Michael earned a B.F.A. from Syracuse University in 1971 while also studying Photography at their Newhouse school of Journalism.  He went on to attain a Masters in Fine Arts in 1973 from the University of Illinois studying painting and photography.

Whether as a Director of feature films, or as a Panasonic consultant training National Geographic as they transitioned from film to HD, or the many other companies such as Lockheed Martin, Versus, the Director’s Guild of New Zealand and the Democratic National Convention of 2008, he has left his mark on the medium.  Michael made the first ever feature film shot on a VariCam in 2001 and travelled from Anchorage to Nome filming the Iditarod for Panasonic in 2005. In 1989 he created the first all-digital edit facility in the Midwest, “Finis,” and was instrumental in the development of AVID, the first Apple MacIntosh edit system.  He has authored seventeen screenplays, three novels, three biographies, two cookbooks, a book on politics and one on filmmaking.  His varied experience in the arts qualifies him to speak on the subject of AI and the future of filmmaking.

 

Steven Jay: Sometime around the beginning of the 20th century, the motion picture and the first motion picture studio was created in West Orange, New Jersey by Thomas Edison. The studio was a house on train wheels. To use the sun as lighting, the house would be pushed along a circular train track and the roof of the house would be open and aligned with the position of the sun. This was the earliest stage for filmmaking. There was no sound. It was very, very cumbersome, very difficult and very costly to make those movies.

Years later, movie production relocated to California, where it was sunny most of the time, not just four to six months of the year. Now we fast forward to today. The year is 2024. Motion pictures, have transformed considerably. Tools and technologies exist that our forefathers never could have imagined and the AI revolution has people panicking, scared of losing their jobs, or opening a new window of incredible opportunities.

Michael, I understand that you were inspired by a story regarding a newest AI technology called SORA and comments by the actor, Ashton Kutcher praising it as a game changer.

We’re calling on you, due to your extensive background, to elaborate on what this means for the future of filmmaking and the production process.

Michael Caporale: On a previous day, you and I were discussing Sora because of statements that, or press releases, or whatever… that Ashton Kutcher had made, after viewing several small clips of imaginative little shorts that Sora had created, scenes that were virtually impossible to film in the physical world… and predicting, Ashton was predicting that soon Sora would be able to make entire feature films.

Now, that’s where it stirs up a big controversy for filmmakers, because filmmakers will be saying to themselves, and many are, “What happens to my job?
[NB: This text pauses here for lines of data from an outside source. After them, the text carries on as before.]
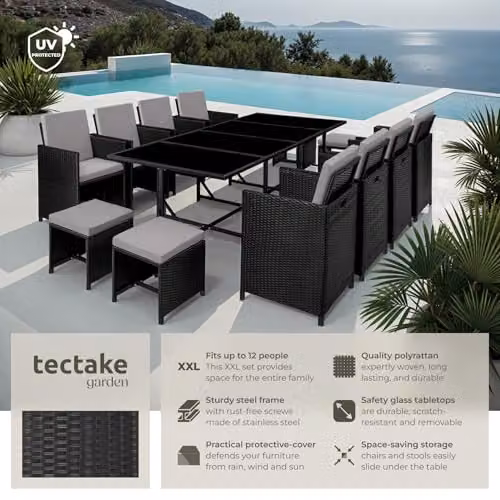 tectake Polyrattan Garden Furniture Set in Black and Grey, Including 8 Dining Chairs, 1 Table, 4 Stools and a Matching Ottoman for Up to 12 People – 2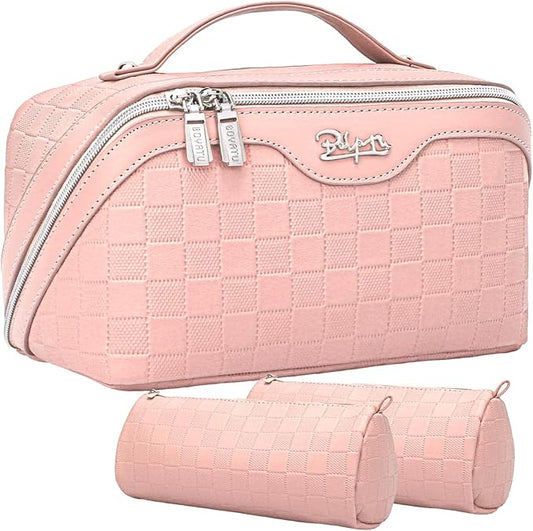 BOYATU Travel Makeup Bag Organizer Cosmetic Bag: 3 Pcs Set Make up Bags for Women with Handle - Waterproof Vegan Leather Toiletry Bags Travel Essentials Pouch with Compartments (G-13-Pink)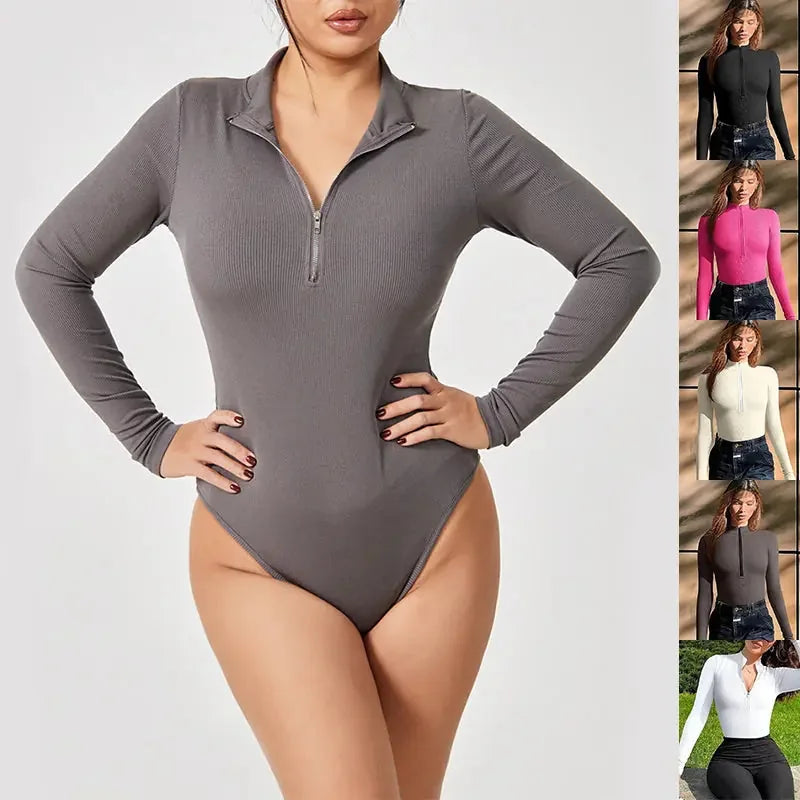seamless shapewear jumpsuit | long sleeve bodysuit for women | slimming romper with zipper | ultrasonic cleaning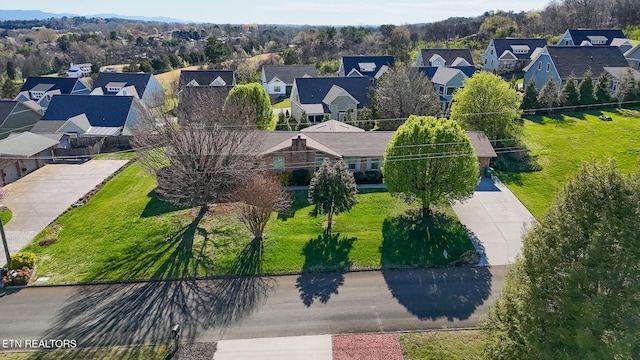 bird's eye view with a residential view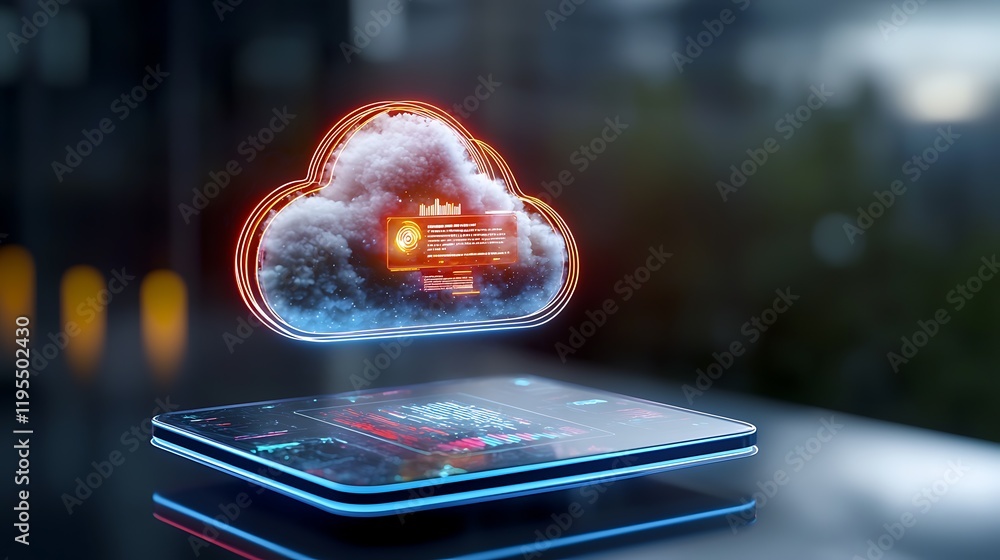 Poster visually striking image showcasing a futuristic cloud based smart media platform with a glowing holo
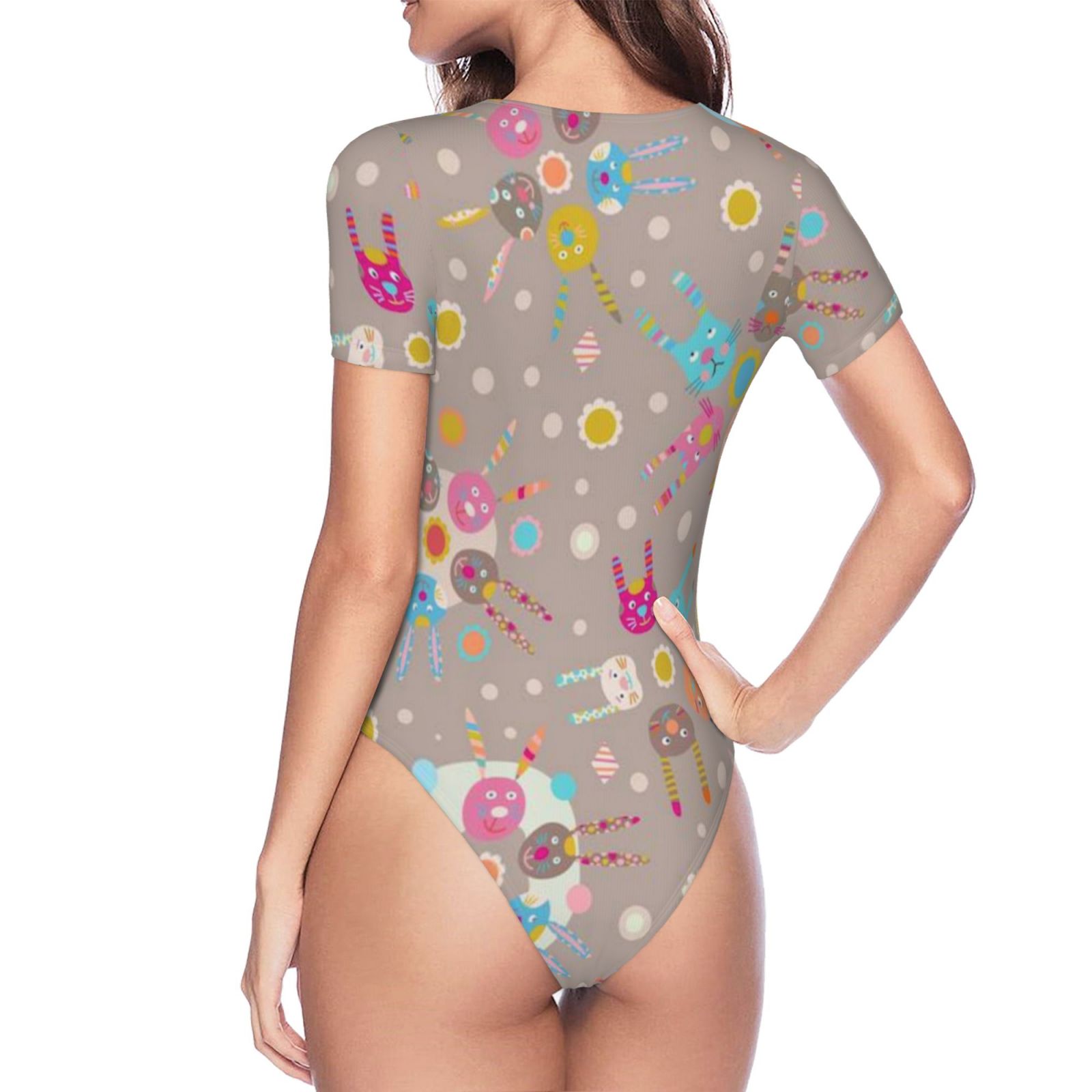Women's short-sleeved round neck jumpsuit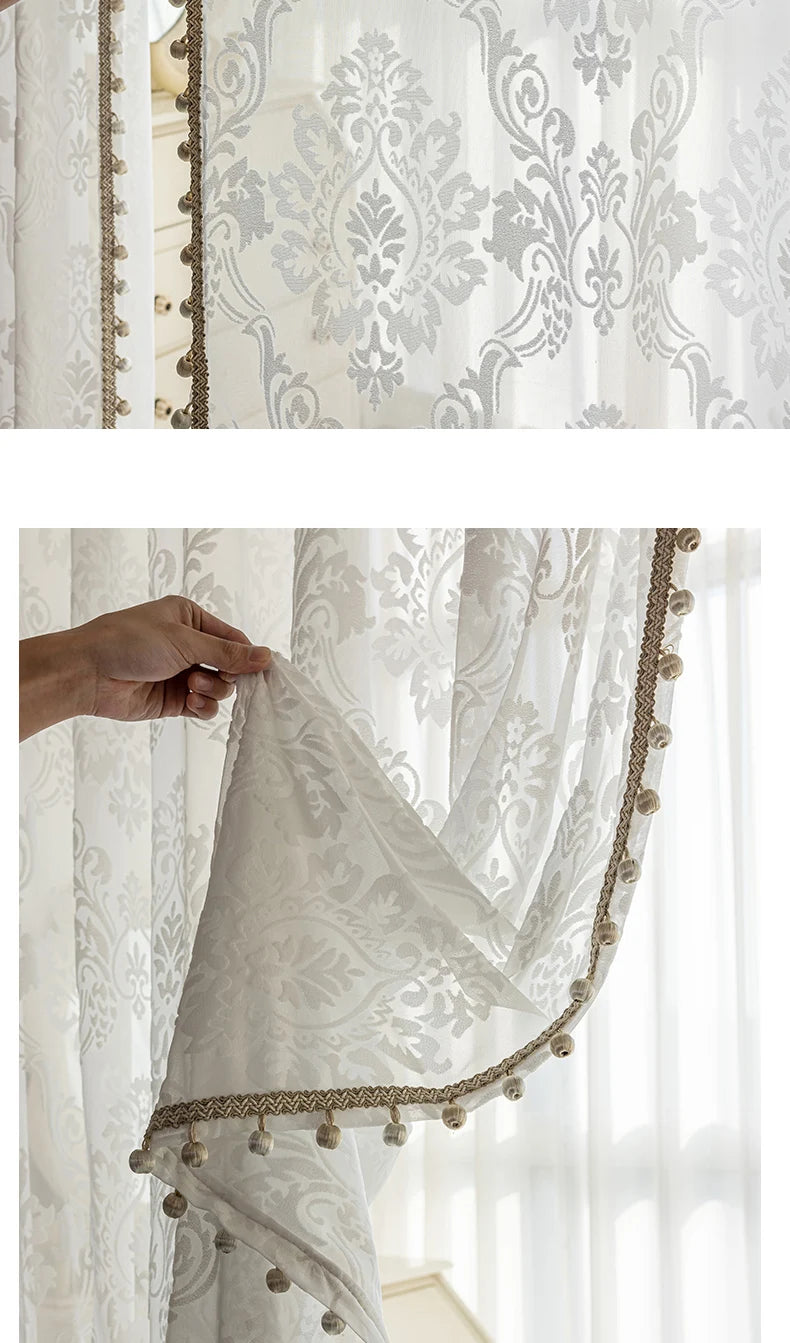 Beige Jacquard Vorhänge – Chenille Design für Villen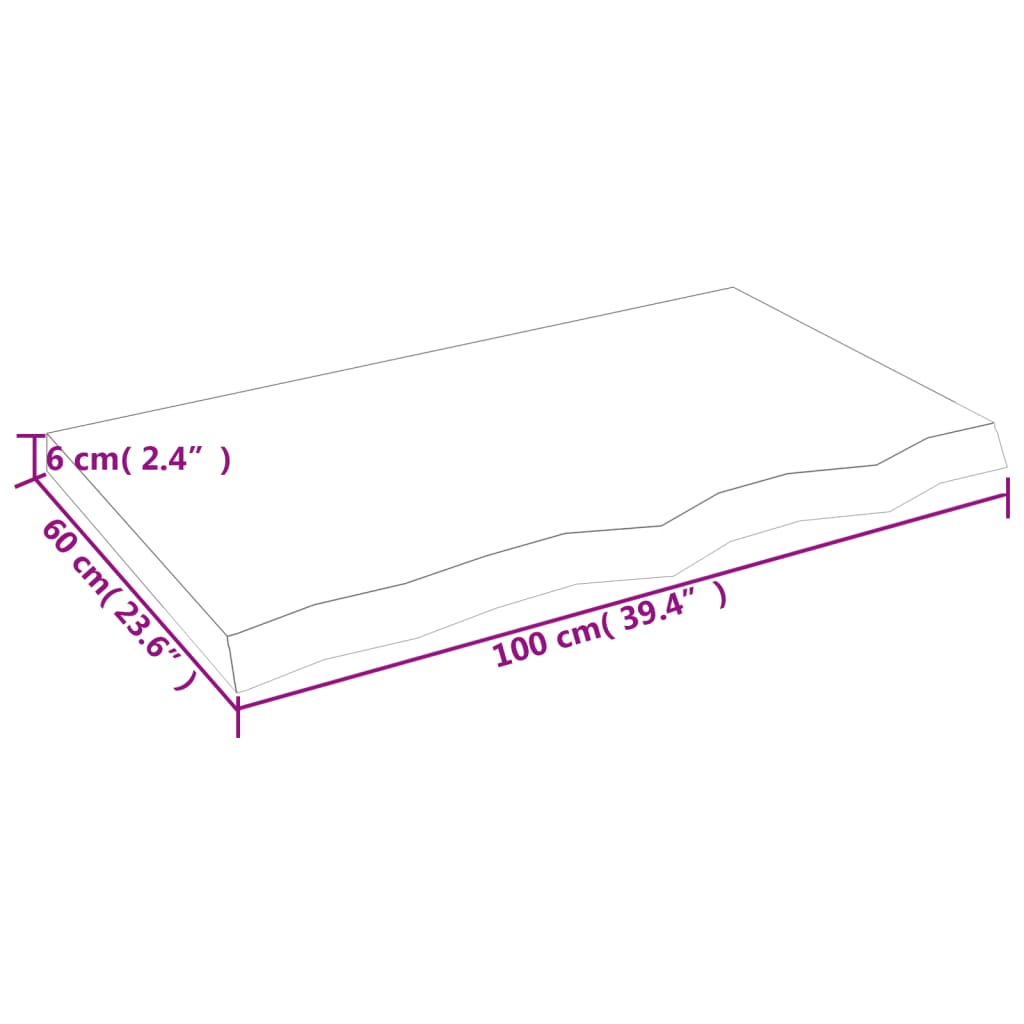 Ripiano a Parete 100x60x(2-6) cm Massello Rovere Non Trattato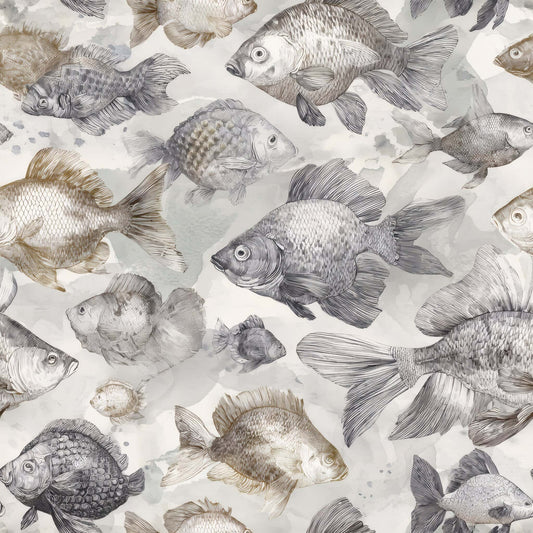 Illustrated fish in shades of grey and beige on a soothing aquatic-themed wallpaper.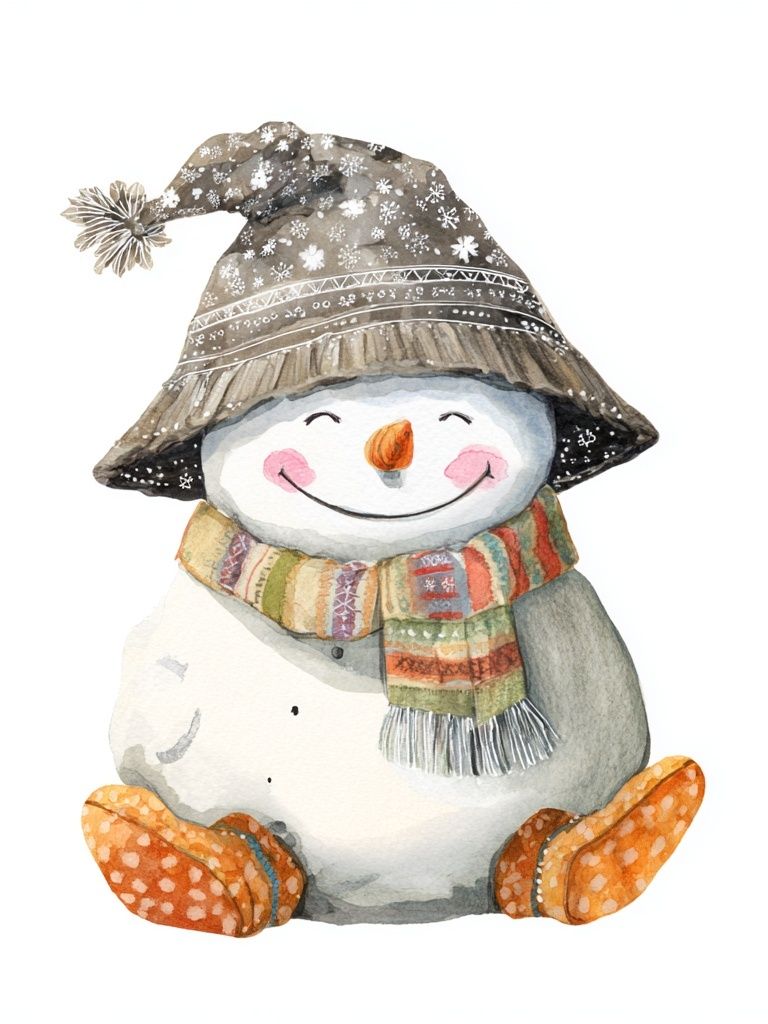Happy Snowman Watercolor Print. poster — illustration art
I’m an actor, you don’t need me anymore? I’m a director, I’m a sound man, I’m a composer, I’m a producer.” Whatever. “I’m a prop person, I’m a wardrobe person, I’m a caterer.” What happens to all those jobs? And what’s gonna happen with Sora as it’s adopted by independents and large studios alike, is just like other technological revolutions where the old world continues to exist for a period of time as it migrates to the new world.  It’s never gonna go away.

We still have craft. We still have people that hand make furniture when we have factories that do it easily.

Hands of craftsman carve with a gouge in the hands on the workbench in carpentry

You can still buy a handmade Martin D45 deluxe custom guitar for $21,000. But you can get a factory-made one, exactly the same, in China for around $300.

These things will continue to exist for a while, while there’s a transition, but ultimately, just like the automobile replaced the horse drawn carriage and the horse as a method of transportation, the job for street cleaners that went around shoveling up horse shit is gone.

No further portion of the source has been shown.